▶ **ASSIGNMENT**:
Reproduce verbatim, line by line, everything from the line containing "Giardino Savannah 8" to the last line of the listing below; add nothing.

▶ **RECORDED DATA**:

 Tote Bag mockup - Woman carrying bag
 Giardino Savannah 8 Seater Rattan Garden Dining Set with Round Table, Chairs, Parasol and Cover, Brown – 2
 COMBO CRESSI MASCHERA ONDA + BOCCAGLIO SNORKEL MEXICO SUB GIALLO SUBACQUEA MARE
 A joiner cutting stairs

▶ **RESULT OF THIS TASK**:
 Giardino Savannah 8 Seater Rattan Garden Dining Set with Round Table, Chairs, Parasol and Cover, Brown – 2
 COMBO CRESSI MASCHERA ONDA + BOCCAGLIO SNORKEL MEXICO SUB GIALLO SUBACQUEA MARE
 A joiner cutting stairs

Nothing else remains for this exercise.